[[ Supplied data, beginning ]]

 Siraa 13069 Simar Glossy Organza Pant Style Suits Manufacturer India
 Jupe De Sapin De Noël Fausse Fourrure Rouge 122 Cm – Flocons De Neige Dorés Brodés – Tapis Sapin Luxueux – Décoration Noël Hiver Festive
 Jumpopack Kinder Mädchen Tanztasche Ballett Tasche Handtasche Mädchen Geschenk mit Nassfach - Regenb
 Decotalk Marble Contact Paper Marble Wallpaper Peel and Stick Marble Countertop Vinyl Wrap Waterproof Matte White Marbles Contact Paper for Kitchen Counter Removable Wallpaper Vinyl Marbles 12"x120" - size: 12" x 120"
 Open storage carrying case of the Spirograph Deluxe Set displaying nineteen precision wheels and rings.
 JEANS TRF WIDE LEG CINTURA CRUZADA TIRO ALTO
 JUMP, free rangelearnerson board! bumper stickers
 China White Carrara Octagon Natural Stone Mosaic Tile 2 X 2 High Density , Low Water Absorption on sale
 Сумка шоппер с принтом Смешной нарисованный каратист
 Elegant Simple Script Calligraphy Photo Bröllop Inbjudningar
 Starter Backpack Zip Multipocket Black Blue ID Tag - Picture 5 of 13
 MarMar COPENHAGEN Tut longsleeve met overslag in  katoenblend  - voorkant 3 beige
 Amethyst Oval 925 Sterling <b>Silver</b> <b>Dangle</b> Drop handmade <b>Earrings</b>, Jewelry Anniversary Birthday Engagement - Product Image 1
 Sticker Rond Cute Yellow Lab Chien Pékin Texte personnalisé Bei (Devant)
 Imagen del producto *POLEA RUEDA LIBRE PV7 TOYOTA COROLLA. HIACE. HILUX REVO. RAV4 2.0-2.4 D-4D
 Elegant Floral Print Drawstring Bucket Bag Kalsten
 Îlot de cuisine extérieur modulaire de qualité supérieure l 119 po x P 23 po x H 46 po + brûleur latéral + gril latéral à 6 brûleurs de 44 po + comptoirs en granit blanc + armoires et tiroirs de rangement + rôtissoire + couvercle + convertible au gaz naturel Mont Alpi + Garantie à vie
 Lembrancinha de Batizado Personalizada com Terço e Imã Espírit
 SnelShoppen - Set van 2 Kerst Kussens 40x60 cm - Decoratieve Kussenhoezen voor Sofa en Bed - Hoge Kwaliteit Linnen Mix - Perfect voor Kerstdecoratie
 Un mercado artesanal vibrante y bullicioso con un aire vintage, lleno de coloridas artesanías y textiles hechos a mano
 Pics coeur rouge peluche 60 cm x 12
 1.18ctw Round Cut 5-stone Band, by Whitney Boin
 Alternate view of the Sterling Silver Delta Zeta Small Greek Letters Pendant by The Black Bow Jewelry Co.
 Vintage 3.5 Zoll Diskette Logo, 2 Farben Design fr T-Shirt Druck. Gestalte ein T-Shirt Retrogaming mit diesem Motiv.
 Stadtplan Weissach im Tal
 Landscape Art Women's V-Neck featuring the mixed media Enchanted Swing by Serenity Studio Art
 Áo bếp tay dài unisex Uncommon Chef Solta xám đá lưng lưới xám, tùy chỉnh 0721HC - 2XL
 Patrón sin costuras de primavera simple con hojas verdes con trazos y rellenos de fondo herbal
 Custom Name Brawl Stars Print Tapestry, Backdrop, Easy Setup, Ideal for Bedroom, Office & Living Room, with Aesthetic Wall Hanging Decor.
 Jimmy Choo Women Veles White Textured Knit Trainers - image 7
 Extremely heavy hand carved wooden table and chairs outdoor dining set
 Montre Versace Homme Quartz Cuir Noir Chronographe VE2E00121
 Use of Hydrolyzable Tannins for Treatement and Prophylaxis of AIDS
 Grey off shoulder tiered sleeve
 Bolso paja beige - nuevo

[[ Supplied data, end ]]

== Work task ==
Starting with the line that contains "Grey off shoulder tiered sleeve", print every line through the end of the entries above exactly as written, both boundary lines included, and nothing else.

== Written answer ==
 Grey off shoulder tiered sleeve
 Bolso paja beige - nuevo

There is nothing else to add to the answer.